Graceful I2C Error Handling for Non-Critical Sensors

Developers
1

Hi Klipper devs,

Been really happy with my machine recently, but I’ve been trying to solve a particularly annoying issue with intermittent I2C errors killing prints. I am running a Nevermore StealthMax which uses a pair of BME280+SGP40 sensors.

There’s currently PR #6738 and a separate klipper module for SGP40 sensors, klipper-sgp40. That module has largely tracked the changes introduced in Klipper over the last year and a new PR is being worked on to try and handle I2C errors without crashing. I’ve been testing the code on my printer by manually connecting and disconnecting the wires to an SGP40 during runtime.

From what I can tell, with some changes I mentioned in the PR, the code is correctly able to catch certain exceptions related to the I2C read fails. However the exception serialhdl.error: Unable to obtain 'i2c_response' response doesn’t get caught, even with a blanket try...except Exception as e: wrapper around the I2C measurement code in the init.py file.

Aside from hacking i2ccmds.c’s i2c_shutdown_on_err, I can’t seem to figure out how to catch this error and discard the failed measurement. In my case, these sensors are non-critical. If they drop, they only affect my satisfaction knowing how much air pollution my printer is spewing out.

Would anyone with deeper knowledge of the serialhdl and i2c_transfer functions be able to help point me in the right direction? Happy to dig deeper in the code, but multi-threaded python code is not my forte and I’m having trouble following the function calls.

2

Right now, host side I2C does directly invoke shutdown: klipper/klippy/extras/bus.py at master · Klipper3d/klipper · GitHub

So, you can’t intercept it.

From my PoV, it should crash in this case.
It is better to pull the SDA low to GND with tweezers - this is an I2C level shenanigans.
Where the disconnected sensor is UB in general.
For example, BME280/SHT31 should be initialized and have a state.

And normally, I think, existing I2C error/state reporting should be enough to guess what happened/what is wrong, I think, in general, it is weak pull-ups for long wires.

MCU side shutdown will happen for the sensors that work with I2C directly from the MCU, and do not have appropriate I2C error handling.
MPU series, for example, will trigger the shutdown.
LDC1612 - will not.

Otherwise, the host-side I2C IO should not be able to trigger MCU shutdown after the: I2C klippy's side error handling by nefelim4ag · Pull Request #7013 · Klipper3d/klipper · GitHub

Hope that helps,
-Timofey

Ref SGP40 topic: Support for SGP40 Sensors

Ah, and there is no “threading” mostly.
From a sensor perspective, your code is linear.

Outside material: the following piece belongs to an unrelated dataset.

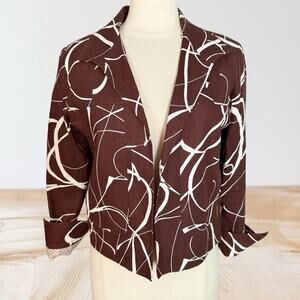 Transitions Linen Short Blazer Jacket Art to Wear Brown White Print Sz M Womens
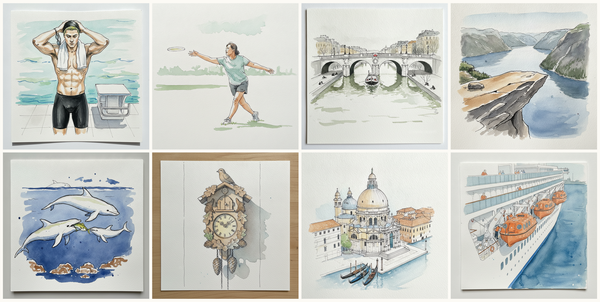Swimmer with broad shoulders, Frisbee backhand throw, park lawn, Pont Neuf, Paris, Winter, Preikestolen Pulpit Rock above Lysefjord, Norway, and more — pen + watercolor for June 13, 2026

The only other thread is real IO, where/when your code is blocked upon IO.

So, you can interpret code as if it were single-threaded.

You can check: Code overview - Klipper documentation
And see the real threads with names inside the htop, for example.

Ah, and this one sounds like a communication issue with MCU
I’ve heard people use Bluetooth now to connect the nevermore

1 Like
3

Thanks for the quick reply!

Got it, that would explain a lot. So if status doesn’t come back up as a success we fail out automatically before we can return to the caller.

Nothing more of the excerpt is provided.